Когда мы узнали о гибели Николая Рубцова и с разрешения следователя Меркурьева пришли с Василием Беловым и Александром Романовым в квартиру поэта, чтоб перебрать и унести рукописи, то неожиданно в письменном столе обнаружили последние его 22 рубля наличными и ни копейки на сберкнижке. Невольно подумалось, что если бы он остался жив, то именно с этой суммы ему пришлось бы начинать новый день.
Но его уже не было в живых, и новый день мы начинали без него.
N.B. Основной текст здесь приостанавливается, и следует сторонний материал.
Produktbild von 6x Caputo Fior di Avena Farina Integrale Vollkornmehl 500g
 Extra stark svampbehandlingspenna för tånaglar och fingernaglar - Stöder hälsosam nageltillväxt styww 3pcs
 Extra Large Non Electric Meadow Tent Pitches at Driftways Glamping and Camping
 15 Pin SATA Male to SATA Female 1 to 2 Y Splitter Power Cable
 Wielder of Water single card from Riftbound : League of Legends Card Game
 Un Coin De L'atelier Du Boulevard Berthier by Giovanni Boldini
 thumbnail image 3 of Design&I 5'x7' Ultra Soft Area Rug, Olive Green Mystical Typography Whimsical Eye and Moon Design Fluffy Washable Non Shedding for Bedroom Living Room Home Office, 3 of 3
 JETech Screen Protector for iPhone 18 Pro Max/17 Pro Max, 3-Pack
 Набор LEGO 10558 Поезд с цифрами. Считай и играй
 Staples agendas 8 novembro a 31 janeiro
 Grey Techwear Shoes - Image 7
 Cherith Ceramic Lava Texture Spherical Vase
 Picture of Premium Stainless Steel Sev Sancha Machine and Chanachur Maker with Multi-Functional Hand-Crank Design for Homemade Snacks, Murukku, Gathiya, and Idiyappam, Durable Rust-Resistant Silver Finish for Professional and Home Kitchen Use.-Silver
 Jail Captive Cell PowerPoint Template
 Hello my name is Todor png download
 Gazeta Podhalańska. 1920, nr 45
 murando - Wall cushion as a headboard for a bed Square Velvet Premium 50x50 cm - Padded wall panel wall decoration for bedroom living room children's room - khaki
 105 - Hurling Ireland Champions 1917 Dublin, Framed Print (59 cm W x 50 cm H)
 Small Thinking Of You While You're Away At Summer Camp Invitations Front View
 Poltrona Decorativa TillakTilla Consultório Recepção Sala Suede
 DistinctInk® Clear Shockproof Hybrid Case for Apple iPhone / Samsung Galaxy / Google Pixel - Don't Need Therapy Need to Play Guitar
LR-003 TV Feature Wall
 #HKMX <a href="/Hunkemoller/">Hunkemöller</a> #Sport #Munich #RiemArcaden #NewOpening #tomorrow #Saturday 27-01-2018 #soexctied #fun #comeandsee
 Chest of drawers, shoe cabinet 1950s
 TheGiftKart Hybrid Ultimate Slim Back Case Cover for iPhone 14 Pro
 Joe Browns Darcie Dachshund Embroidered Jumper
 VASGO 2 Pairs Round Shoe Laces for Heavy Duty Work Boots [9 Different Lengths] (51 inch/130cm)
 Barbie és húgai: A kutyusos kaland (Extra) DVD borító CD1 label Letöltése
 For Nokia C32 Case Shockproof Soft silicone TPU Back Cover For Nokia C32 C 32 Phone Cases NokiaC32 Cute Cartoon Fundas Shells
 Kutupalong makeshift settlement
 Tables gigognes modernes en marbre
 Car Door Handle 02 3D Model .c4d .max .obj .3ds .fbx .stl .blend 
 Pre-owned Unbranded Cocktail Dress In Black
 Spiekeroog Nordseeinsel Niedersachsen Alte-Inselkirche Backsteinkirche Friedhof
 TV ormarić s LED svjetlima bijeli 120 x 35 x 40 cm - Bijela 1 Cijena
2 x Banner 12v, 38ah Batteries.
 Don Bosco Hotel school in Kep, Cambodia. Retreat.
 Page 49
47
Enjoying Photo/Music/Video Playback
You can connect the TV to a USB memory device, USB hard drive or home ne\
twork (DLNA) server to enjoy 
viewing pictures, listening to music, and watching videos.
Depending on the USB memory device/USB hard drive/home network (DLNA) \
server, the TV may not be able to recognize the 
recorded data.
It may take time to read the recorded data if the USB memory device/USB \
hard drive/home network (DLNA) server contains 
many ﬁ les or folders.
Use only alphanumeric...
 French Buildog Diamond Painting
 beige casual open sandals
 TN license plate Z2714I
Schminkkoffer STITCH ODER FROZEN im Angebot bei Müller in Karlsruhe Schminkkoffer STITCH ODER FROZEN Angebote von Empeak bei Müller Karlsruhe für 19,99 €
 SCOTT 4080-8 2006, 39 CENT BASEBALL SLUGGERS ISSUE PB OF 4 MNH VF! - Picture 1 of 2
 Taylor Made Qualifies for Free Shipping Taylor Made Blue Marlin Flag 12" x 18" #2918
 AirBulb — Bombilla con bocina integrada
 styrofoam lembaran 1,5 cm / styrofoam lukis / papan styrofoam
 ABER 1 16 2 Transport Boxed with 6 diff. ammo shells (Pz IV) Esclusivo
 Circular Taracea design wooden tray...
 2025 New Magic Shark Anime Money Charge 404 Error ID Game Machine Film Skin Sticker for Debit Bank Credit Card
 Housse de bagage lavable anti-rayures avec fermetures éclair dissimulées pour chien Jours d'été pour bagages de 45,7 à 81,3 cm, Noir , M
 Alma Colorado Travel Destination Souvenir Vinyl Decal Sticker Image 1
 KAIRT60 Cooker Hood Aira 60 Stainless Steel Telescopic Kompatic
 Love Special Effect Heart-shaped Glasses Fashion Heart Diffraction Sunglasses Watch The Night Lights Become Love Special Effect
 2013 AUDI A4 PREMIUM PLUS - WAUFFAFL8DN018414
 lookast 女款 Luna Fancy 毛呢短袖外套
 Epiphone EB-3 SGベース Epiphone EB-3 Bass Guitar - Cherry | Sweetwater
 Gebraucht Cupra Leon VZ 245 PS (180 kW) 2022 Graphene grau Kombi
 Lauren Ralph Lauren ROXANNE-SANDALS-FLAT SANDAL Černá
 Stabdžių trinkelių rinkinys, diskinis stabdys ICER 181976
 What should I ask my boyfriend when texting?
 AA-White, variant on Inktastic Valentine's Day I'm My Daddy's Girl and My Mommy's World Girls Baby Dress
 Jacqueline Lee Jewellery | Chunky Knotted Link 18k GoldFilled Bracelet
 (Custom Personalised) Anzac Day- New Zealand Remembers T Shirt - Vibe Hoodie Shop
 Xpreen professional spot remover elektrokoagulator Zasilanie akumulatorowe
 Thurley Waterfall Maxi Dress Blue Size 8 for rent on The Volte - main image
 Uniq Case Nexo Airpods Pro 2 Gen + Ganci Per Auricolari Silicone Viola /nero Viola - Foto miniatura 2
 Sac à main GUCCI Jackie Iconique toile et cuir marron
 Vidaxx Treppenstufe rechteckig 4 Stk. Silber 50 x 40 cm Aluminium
Начинали с горечью и ожесточением, стараясь не смотреть друг другу в глаза, а если и смотрели, то сурово и требовательно, словно спрашивали: как же мы допустили такое?
Этот же вопрос задавали много раз нам люди близкие и сторонние, но ставить вопросы — особенно такие — проще всего. Не то, что на них отвечать. И приходилось защищаться тоже вопросом: «А как же вся Россия не могла спасти от гибели Пушкина? А за ним — и Лермонтова?»
И начинался длинный и путаный разговор о том, что время другое, обстоятельства — тоже, и т. д. и т. п. Знаем мы эти разговоры!
Но чувство вины не истаяло до сих пор, поэтому снова и снова перебираешь в памяти годы, встречи, выискивая момент, где ты проглядел, недопонял, упустил.
А моменты такие, безусловно, были… Ведь приходил он в редакцию газеты и не однажды и не случайно спрашивал: когда пойдет его подборка? Значит, ее скорейшее появление было жизненно важно для него, и можно было — и нужно! — поторопить редактора с напечатанием, попросить бухгалтерию выплатить аванс. Да не какой-нибудь десятирублевый, а посолидней, как настоящему поэту, вполне показавшему свою состоятельность. Можно было это сделать? Безусловно! Но вечно мешает нам то ли врожденная невнимательность, то ли благоприобретенный формализм, то ли обыкновенное наплевательство на все, что лично нас не касается…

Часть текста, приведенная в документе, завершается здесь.